心理描写を伺い見ても解るが、「性」に於いて人は「利己的」である事。此れは欠かせない要素であろう。後のエロティシズムに関する記述・対談に於いても窺い知る事が出来るだろう。
「死者」でも同様に、バタイユの作中に出てくる女性は娼婦かそれに近しい淫靡さを備えている。男性はその肉体や挙動に誘惑されるが儘に貪る。或いはマゾヒズム性を有して。其処に女性への人間的配慮は見当らない。女性像から必要性を持たないのも勿論理由と成り得るが、それ以前に相手への色情に道徳的観念は一切不要である事を象徴している。
性行為に於いて、男女各々が相手を「人間」としてではなく、「もの」として捉えなければ、其処に猟奇的官能美は見当らないだろう。
バタイユの解釈・講演の中で、エロティシズムについての真理が余す事無く記されているが、当に「理不尽さ」や、「破廉恥」と「有罪感」、「死の魅惑」がエロティシズムを構成するのだと共感させられる。
「連続性」と云う言葉を多用しているのも、利己的で自己中心的、言い換えれば「孤独」である事が本質的な土台となっている事を誇張しているように思われる。人間が互いに共有するものの中に、エロティシズムは含まれない。

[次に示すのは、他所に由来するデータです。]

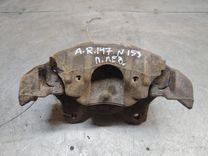 Суппорт передний левый 4SY767 Alfa Romeo 147 - Фото 1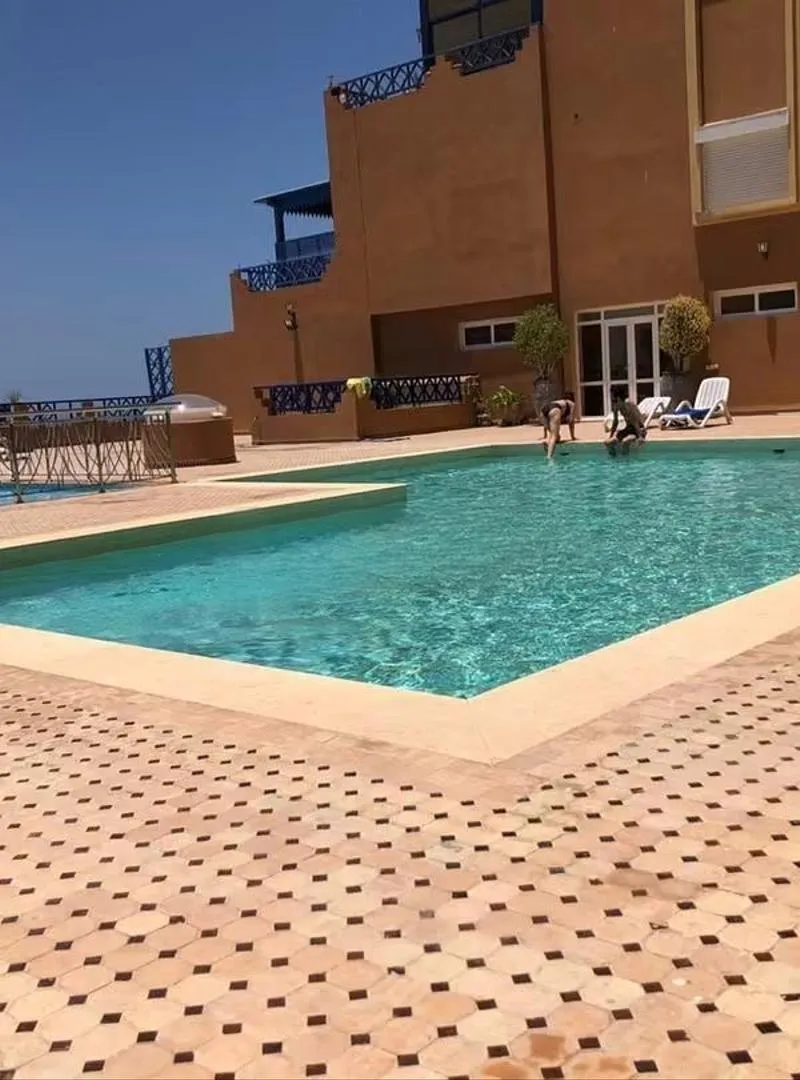 Appartement à louer par jour à Tamraght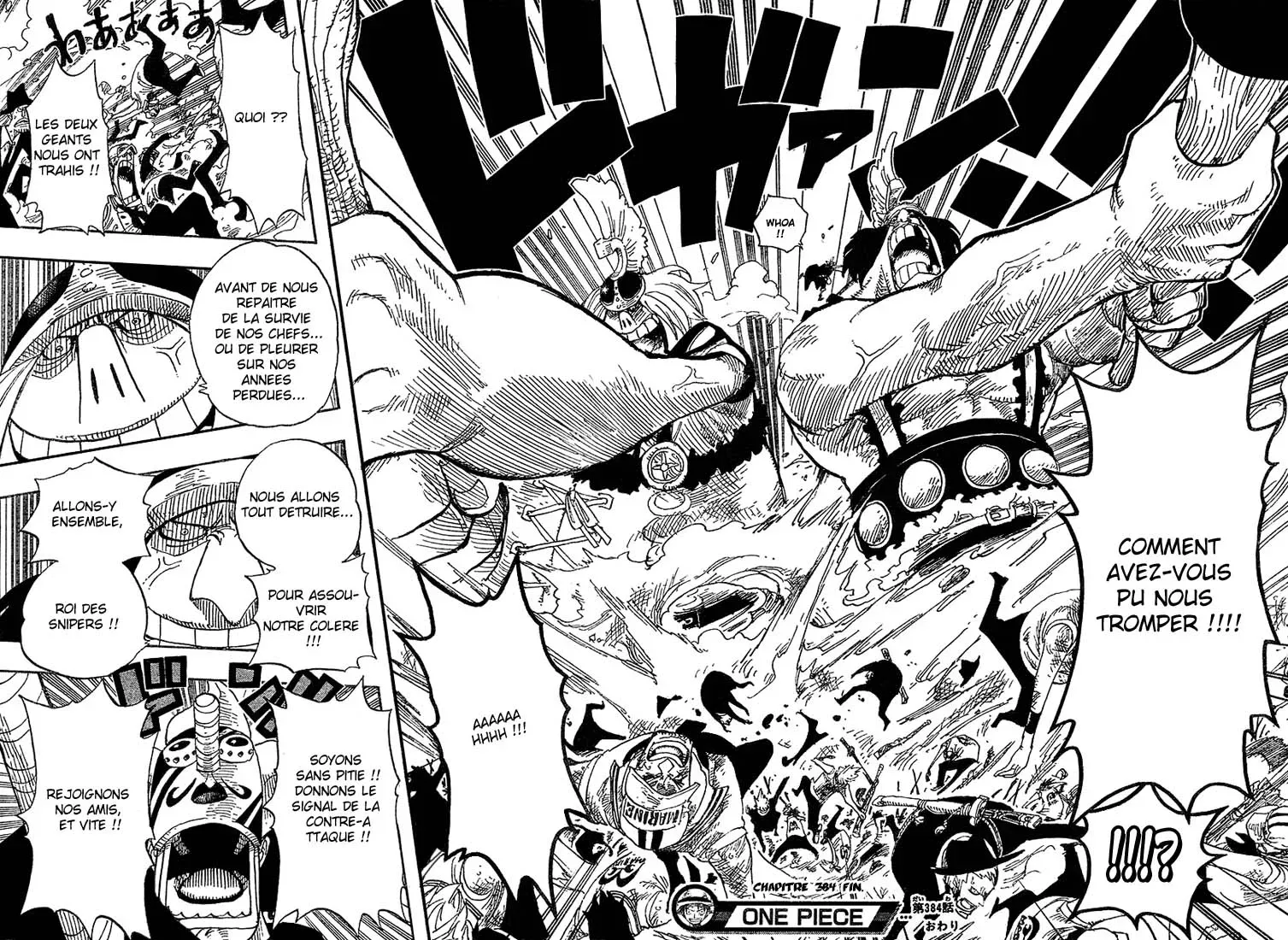 Read One Piece FR Manga Online
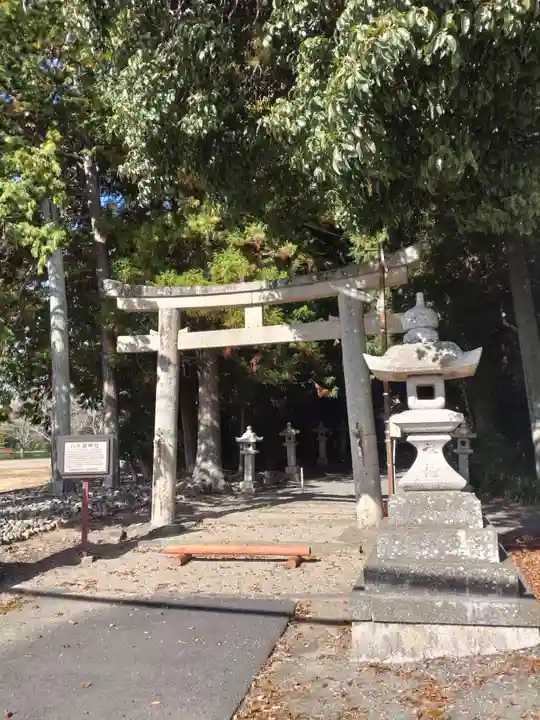 八千鉾神社(滋賀県)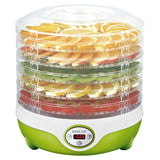 Deshidrator Alimente 5 W Sencor Tavi 240 cu afisaj LED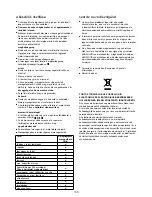 Preview for 156 page of Kenwood FHM15 Instructions Manual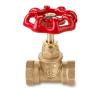 Вентиль запорный 1 1/4" 15Б1п AQUALINK
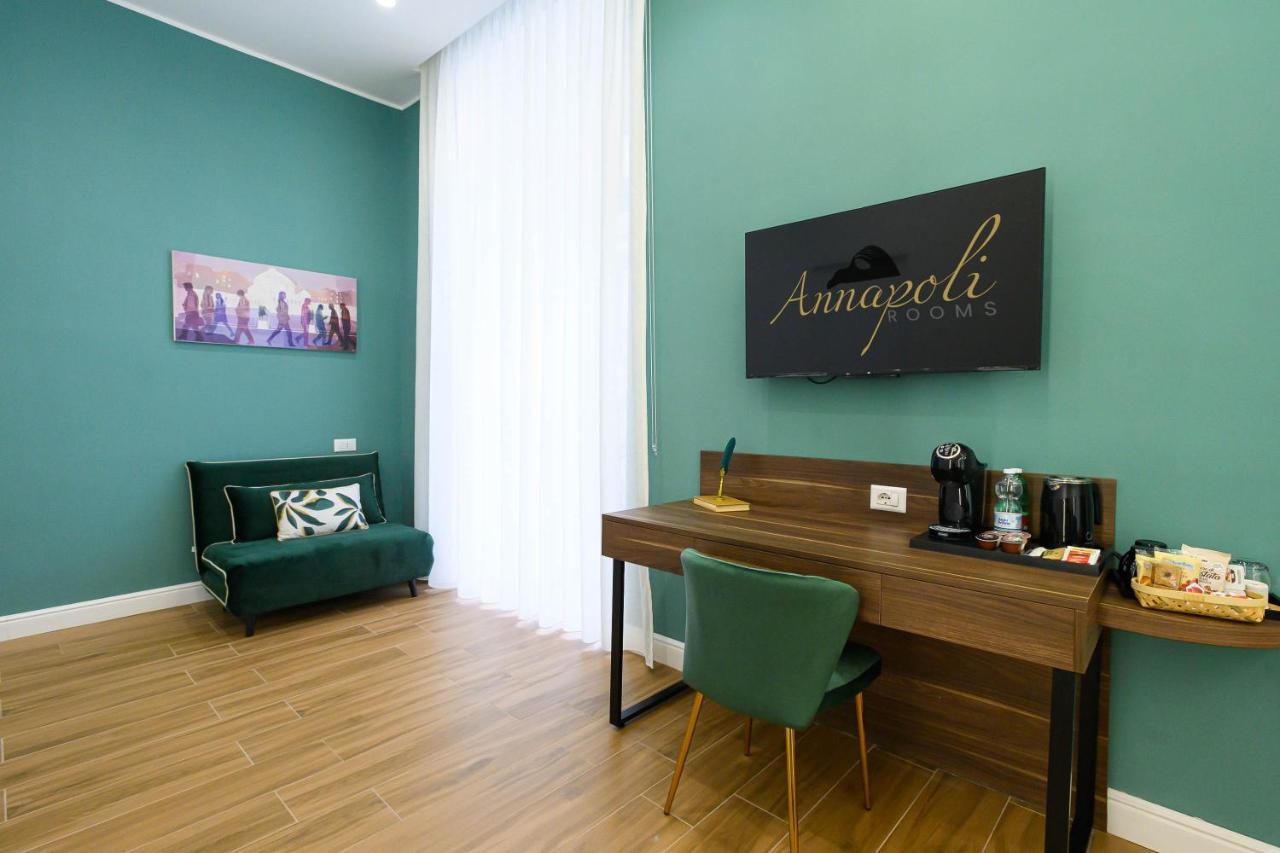 Annapoli Napoli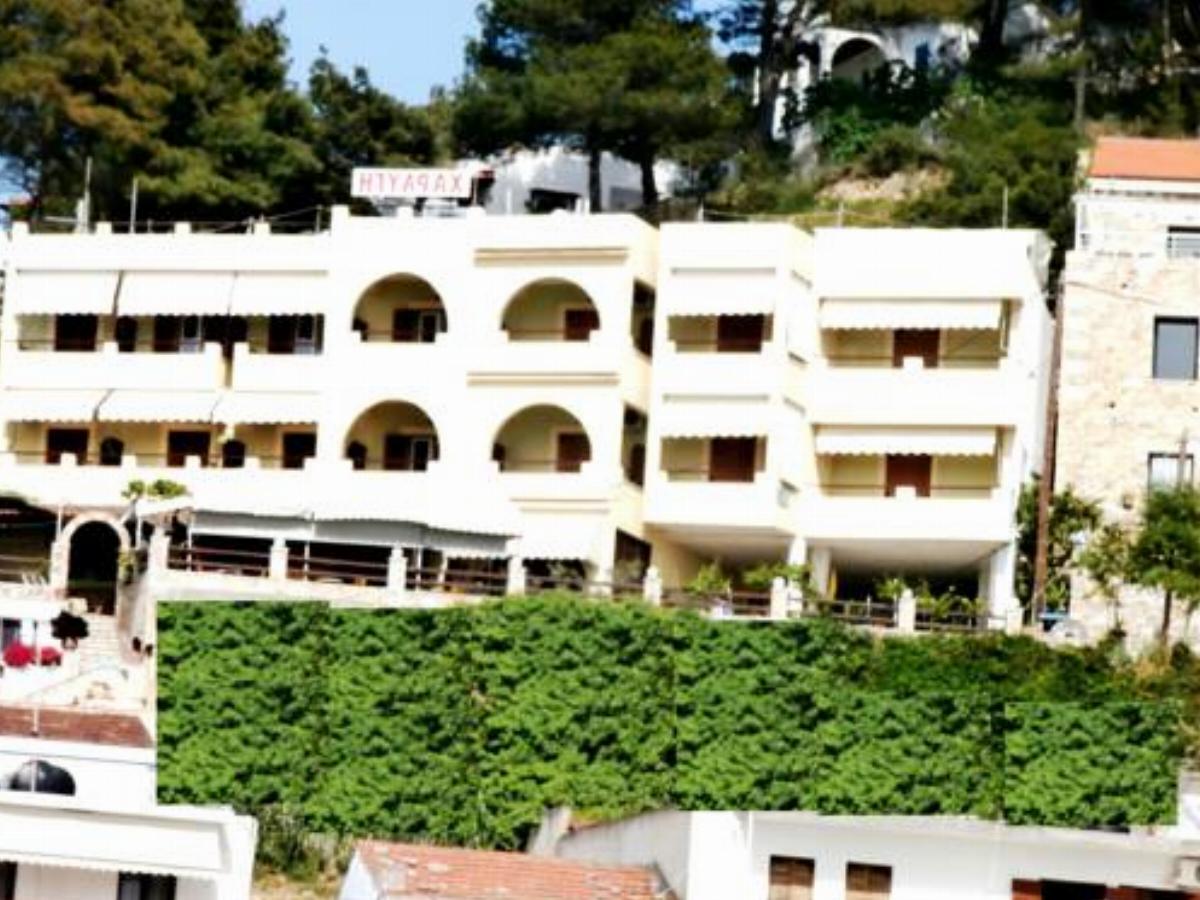 Haravgi Hotel Hotel Patitiri Greece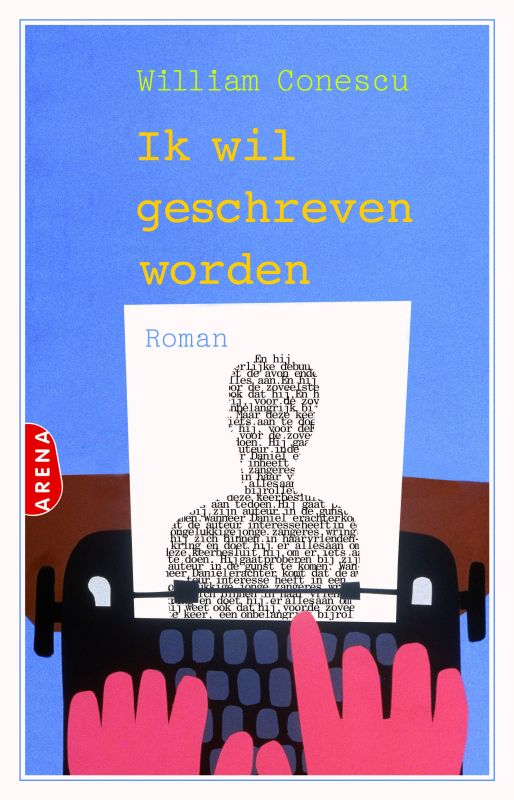 Omslag van Ik wil geschreven worden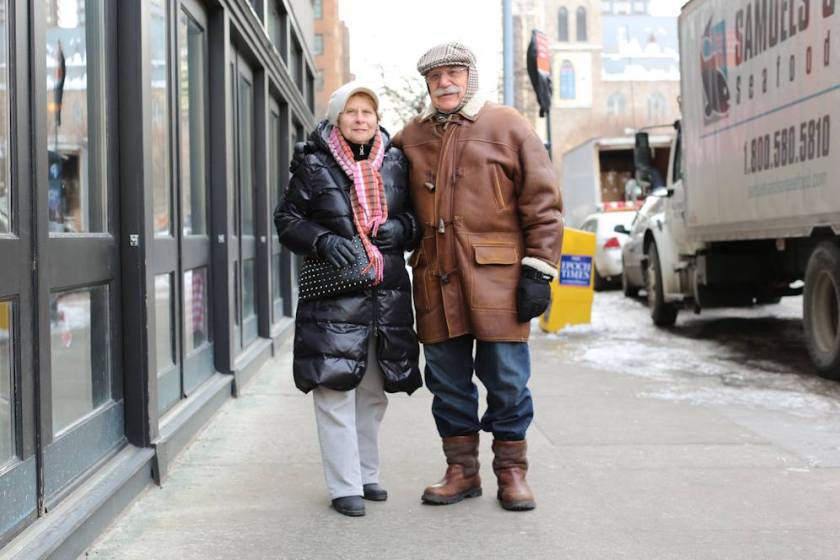 Humans of new york - murder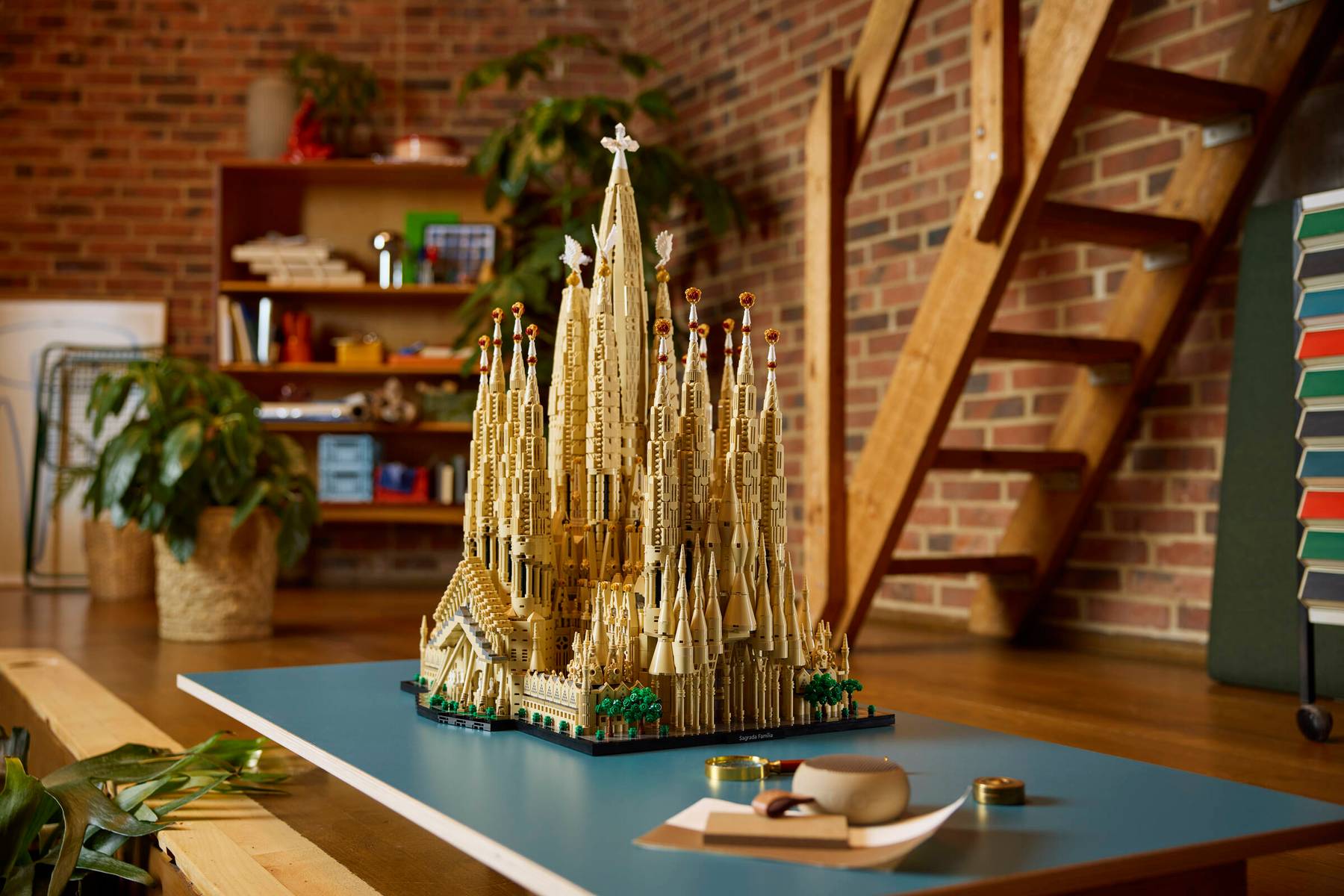 lego sagrada familia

また、羞恥心無しに快楽が生じる事もなければ、有罪感無しに恍惚を感じ得る事もない事は、ごく当たり前で、且つ無意識故に気付かれない事を、バタイユは言葉として明らかにしている。
死とエロティシズムについての文は理解出来たのか不明であるが、人間は例外無く死に対する憧憬を懐いている生き物であり、それ故に生きている事そのものにエロティシズムを見出す。そして誰かの死に依って、隔絶されていた(弾き合っていた)情慾を、初めてその対象に注ぎ込む事が可能になる。それは、視点や懐く感情全てが孤立した状態から、リンクされる事になるからだろう。勿論、上記の内容がバタイユの言いたかった事と必ずしも一致するとは言い切れないが、私はその様に解釈した。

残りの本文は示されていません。